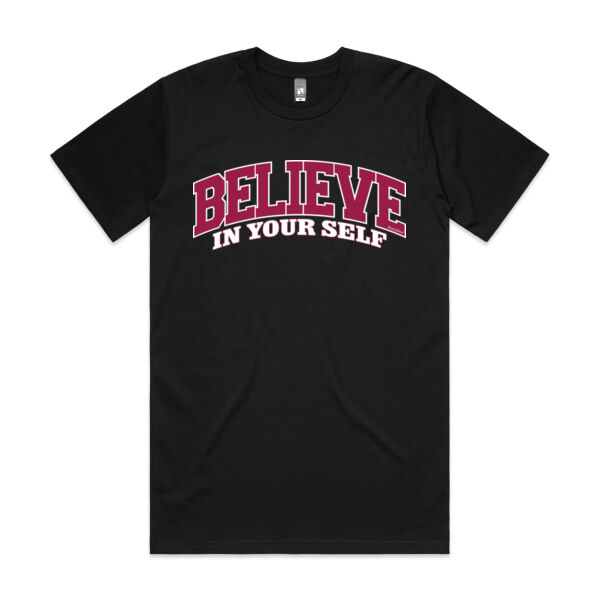 Believe In Yourself-Mens Classic T-shirt Thumbnail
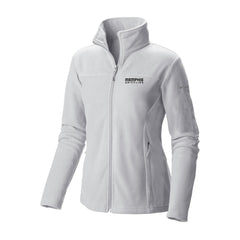 Memphis Grizzlies Women's Give & Go II Fleece Full-Zip Jacket - White | Columbia for sale
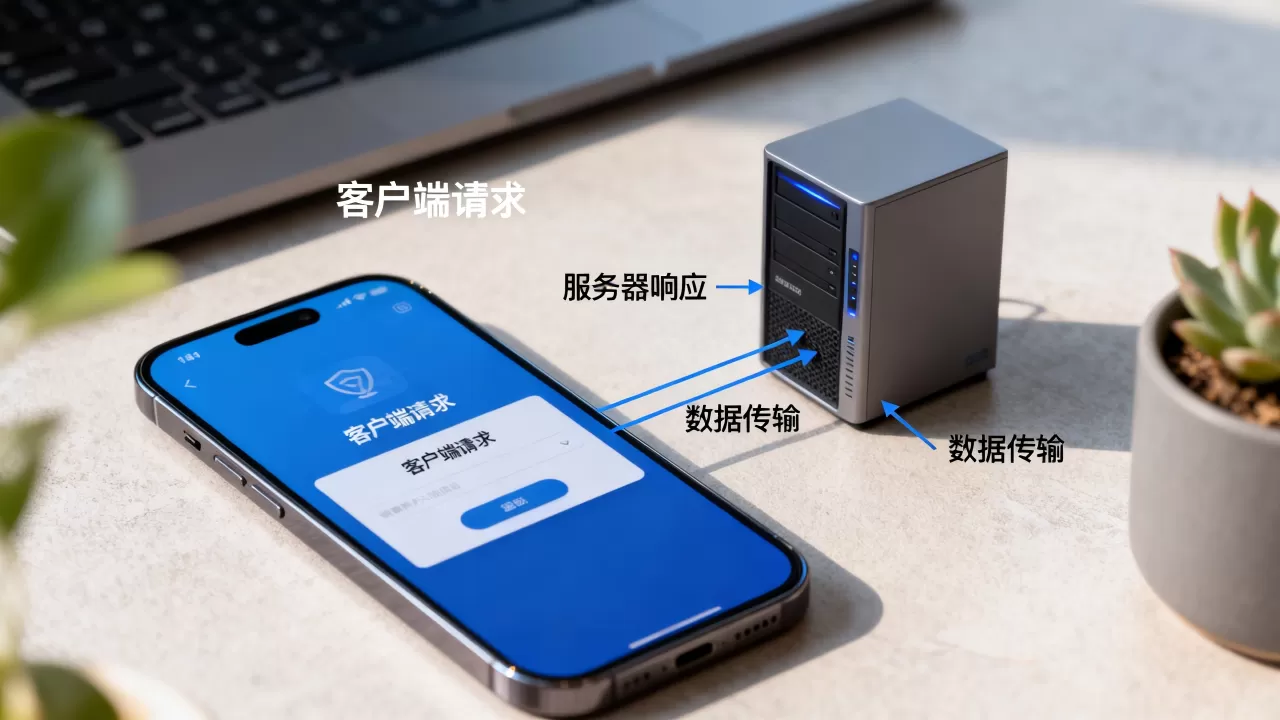 app客户端和服务器怎么通信协议 app客户端和服务器怎么通信协议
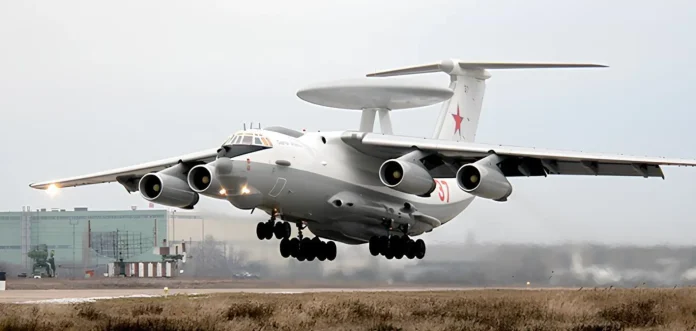 Літак А-100ЛЛ. Фото: росЗМІ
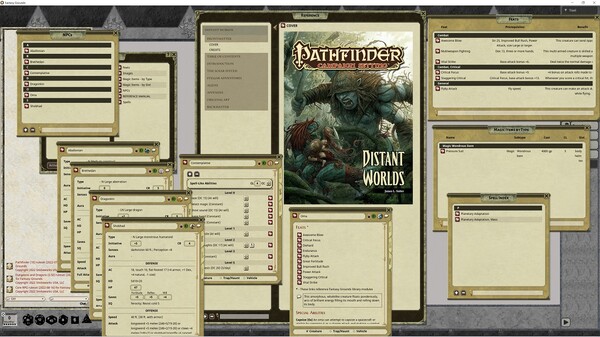 Fantasy Grounds - Pathfinder RPG - Campaign Setting: Distant Worlds
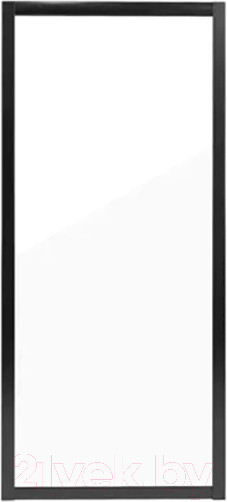 Изображение товара Душевая стенка Grossman Cosmo 200.K33.02.80.21.00 / 80x195 (черный матовый/стекло прозрачное)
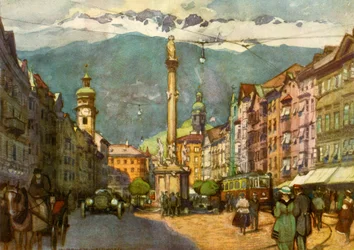 Maria Theresienstrasse, ok. 1929.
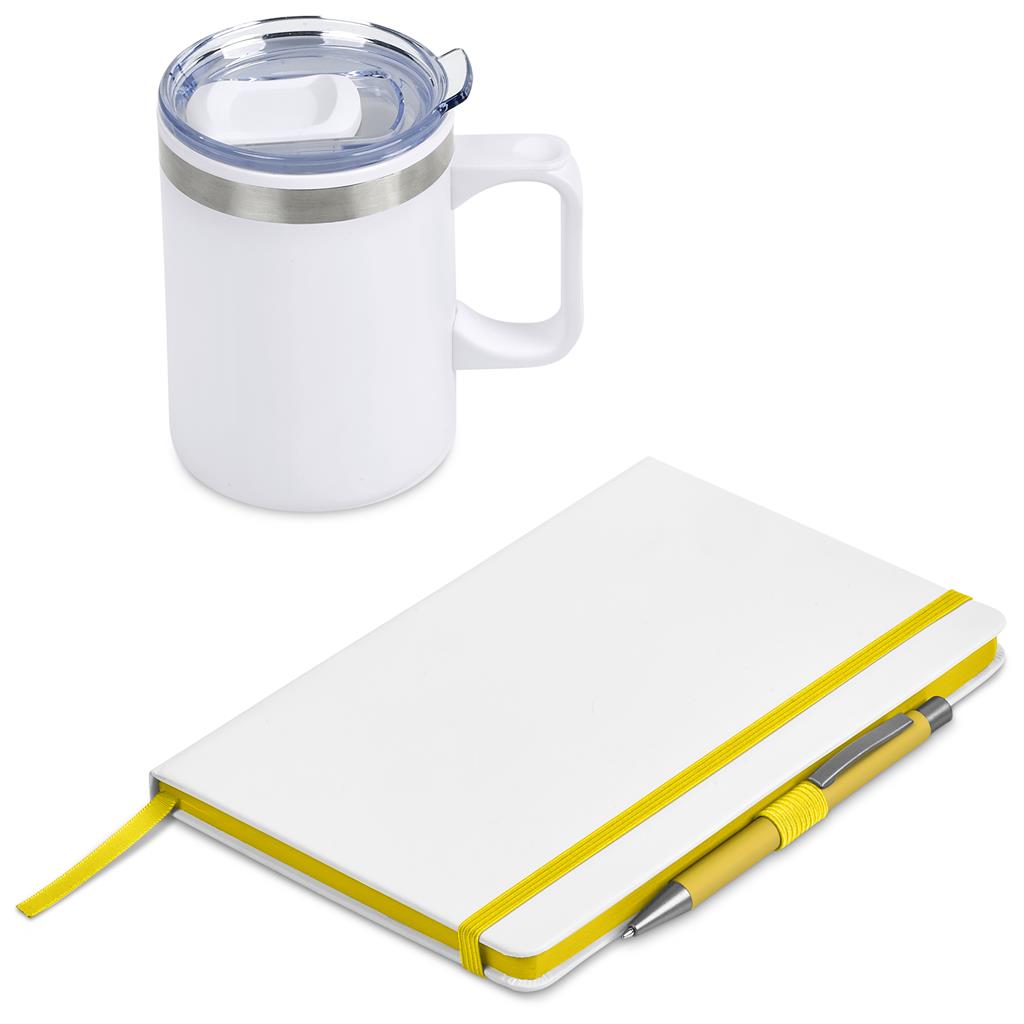 Altitude Wisteria Kraft Gift Set - Yellow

════

Copy the records exactly; no image should appear in the result.

_Response below:_
 Believe In Yourself-Mens Classic T-shirt Thumbnail
 Memphis Grizzlies Women's Give & Go II Fleece Full-Zip Jacket - White | Columbia for sale
 app客户端和服务器怎么通信协议 app客户端和服务器怎么通信协议
 Літак А-100ЛЛ. Фото: росЗМІ
 Fantasy Grounds - Pathfinder RPG - Campaign Setting: Distant Worlds
 Изображение товара Душевая стенка Grossman Cosmo 200.K33.02.80.21.00 / 80x195 (черный матовый/стекло прозрачное)
 Maria Theresienstrasse, ok. 1929.
 Altitude Wisteria Kraft Gift Set - Yellow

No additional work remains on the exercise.